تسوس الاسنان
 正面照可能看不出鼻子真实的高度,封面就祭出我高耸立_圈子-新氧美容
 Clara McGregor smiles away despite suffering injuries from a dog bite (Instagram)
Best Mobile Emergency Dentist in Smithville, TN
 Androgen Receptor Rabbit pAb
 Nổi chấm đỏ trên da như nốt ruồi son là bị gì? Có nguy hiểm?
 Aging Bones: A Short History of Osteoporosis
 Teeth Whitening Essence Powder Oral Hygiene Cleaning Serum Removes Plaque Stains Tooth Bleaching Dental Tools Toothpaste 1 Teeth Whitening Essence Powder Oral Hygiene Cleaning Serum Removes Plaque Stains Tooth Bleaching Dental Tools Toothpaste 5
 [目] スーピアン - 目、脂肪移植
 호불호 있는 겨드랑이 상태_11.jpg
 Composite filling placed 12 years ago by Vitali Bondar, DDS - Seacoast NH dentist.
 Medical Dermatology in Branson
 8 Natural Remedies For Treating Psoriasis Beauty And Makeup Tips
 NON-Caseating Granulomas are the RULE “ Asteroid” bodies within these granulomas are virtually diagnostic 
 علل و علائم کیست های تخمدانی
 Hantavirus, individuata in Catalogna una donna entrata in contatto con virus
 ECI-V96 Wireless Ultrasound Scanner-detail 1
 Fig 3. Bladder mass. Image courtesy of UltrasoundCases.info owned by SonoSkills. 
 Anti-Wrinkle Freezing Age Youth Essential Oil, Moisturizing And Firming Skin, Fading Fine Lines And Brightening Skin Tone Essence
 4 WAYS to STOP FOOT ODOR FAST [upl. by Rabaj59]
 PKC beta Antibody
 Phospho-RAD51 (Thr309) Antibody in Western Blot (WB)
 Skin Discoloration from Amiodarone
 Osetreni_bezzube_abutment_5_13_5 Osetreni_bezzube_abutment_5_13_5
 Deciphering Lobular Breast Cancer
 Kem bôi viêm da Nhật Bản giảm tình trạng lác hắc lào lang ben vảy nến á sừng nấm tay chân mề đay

**ASSIGNMENT**
Could you output, exactly and with nothing else, the lines from the start of the records through the line containing "Aging Bones: A Short History of Osteoporosis"?

**OUTPUT OF THE TASK**
تسوس الاسنان
 正面照可能看不出鼻子真实的高度,封面就祭出我高耸立_圈子-新氧美容
 Clara McGregor smiles away despite suffering injuries from a dog bite (Instagram)
Best Mobile Emergency Dentist in Smithville, TN
 Androgen Receptor Rabbit pAb
 Nổi chấm đỏ trên da như nốt ruồi son là bị gì? Có nguy hiểm?
 Aging Bones: A Short History of Osteoporosis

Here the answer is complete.